The move was nothing short of a disaster. Phones were in short supply - Kyocera was out of the picture and the distribution of Motorola handsets was held up by arguments over customs duties.
Some of the gateways and service providers, as well as being unprepared, were also unhappy about selling the Iridium service. There were complaints that the phones did not work indoors and other technical difficulties. But it was not just about the product and price.
<b."We were not prepared to sell Iridium because they could give no guarantee of the security of the network," says one of its biggest European service providers. "We were not prepared to let other Iridium users on to our network without any fraud compensation. It was a shame, because there was a huge amount of interest from the public."
In a recent report, Dataquest, the market research group, is damning in its criticism of Iridium's launch preparations: "The network had not been properly tested. Gateway operators and service providers were unprepared for the service; the salesforces were untrained and customer support was virtually non-existent."
Iridium will not disclose how many subscribers it had by the end of 1998. Yet it was towards the end of December that the company signed a banking arrangement, again led by Chase and Barclays, with extremely challenging subscriber targets as covenants. It was this arrangement that was ultimately to lead to bankruptcy.
The $800m loan that was agreed was supposed to see Iridium through the next 12 months. However, the loan depended on Iridium meeting targets of 52,000 subscribers, $4m cash revenues and $30m in payments due, by March 31 1999.
Given that Iridium managed just 10,294 subscribers by that date, and the severe supply difficulties it was experiencing, it can only have attracted a few thousand users at most in the two months before the banking covenants were agreed. It was a baffling decision by the company and the banks to agree such targets.

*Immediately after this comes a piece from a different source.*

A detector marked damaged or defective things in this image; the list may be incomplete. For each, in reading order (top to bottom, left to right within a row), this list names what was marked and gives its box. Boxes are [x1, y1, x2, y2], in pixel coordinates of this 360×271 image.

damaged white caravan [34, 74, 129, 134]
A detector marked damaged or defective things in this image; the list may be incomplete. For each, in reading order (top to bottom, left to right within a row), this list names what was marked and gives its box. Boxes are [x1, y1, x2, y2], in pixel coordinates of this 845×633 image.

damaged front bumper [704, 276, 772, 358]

While refusing to comment publicly, Iridium's bankers say the covenants were based on the company's own projections, not their unreasonable demands. One of the Iridium finance team that negotiated the deal says the company was sincere in its belief that the target could be reached. However, he adds that it was left with little choice to agree to the banks' demands.
"Where else could we turn? The debt markets wouldn't look at us, the investors were unhappy, so it was only the banks that we could use."

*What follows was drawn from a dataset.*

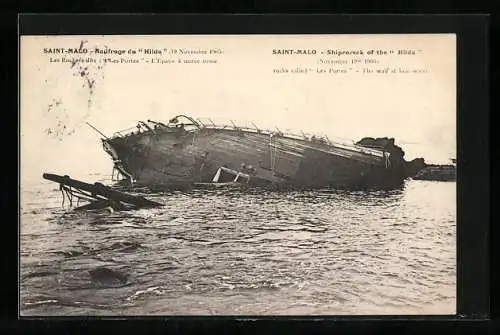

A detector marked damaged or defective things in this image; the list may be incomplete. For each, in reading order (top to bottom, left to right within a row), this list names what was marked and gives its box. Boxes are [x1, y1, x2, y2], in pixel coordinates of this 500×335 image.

damaged vessel [98, 115, 426, 189]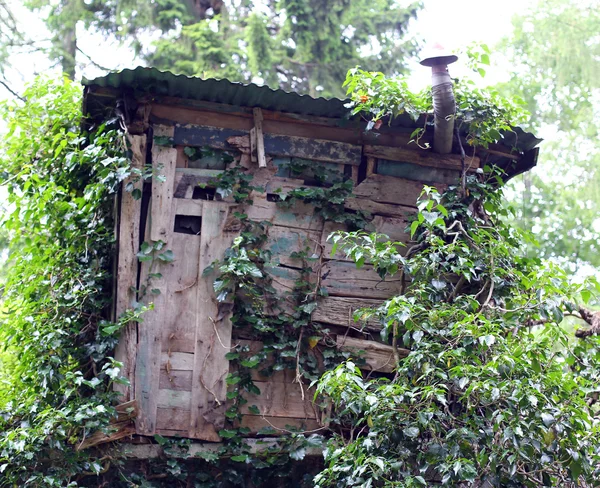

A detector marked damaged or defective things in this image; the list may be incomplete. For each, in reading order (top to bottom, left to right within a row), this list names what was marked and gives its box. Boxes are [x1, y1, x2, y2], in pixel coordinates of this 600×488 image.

rusty chimney pipe [422, 45, 460, 154]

Less than two months later, towards the end of February, Mr Staiano raised the prospect that the covenants were likely to be breached. In an interview with the Financial Times, he blamed the service providers, whom he accused of "inertia", and Motorola, which he criticised for the size of the handset. He said the problems would set the company back six to nine months, but it remained financially on target.
Iridium now faces several lawsuits alleging a failure by management to keep investors informed about its difficulties at this time.

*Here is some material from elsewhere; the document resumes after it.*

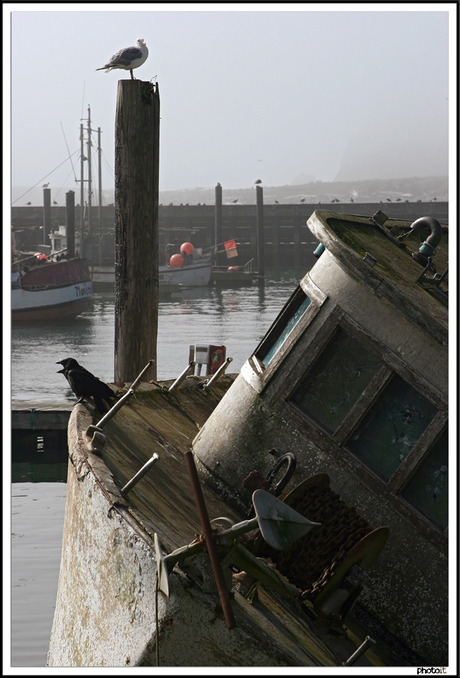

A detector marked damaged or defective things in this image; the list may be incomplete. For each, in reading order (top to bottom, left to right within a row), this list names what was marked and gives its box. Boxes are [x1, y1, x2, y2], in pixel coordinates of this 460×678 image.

Mr Richardson, a tough-talking Australian, admits it will be a difficult task to turn Iridium around.
Investors and bondholders are to be asked to take a hefty cut in the value of their holdings. Mr Richardson also wants investors to find a further $600m to give his new marketing plan a chance of success.
Iridium has cut prices on handsets and tariffs. However, a $1,500 phone may not be that much more attractive. The sales force is being strengthened and trained, and gateway operators are being given more support.
This is the strategy that should have been adopted 18 months ago, and it could yet succeed. But that depends on whether investors and bondholders believe Iridium can be turned round. More important, Mr Richardson needs to convince them that what seemed a very good idea on a beach 14 years ago is still viable.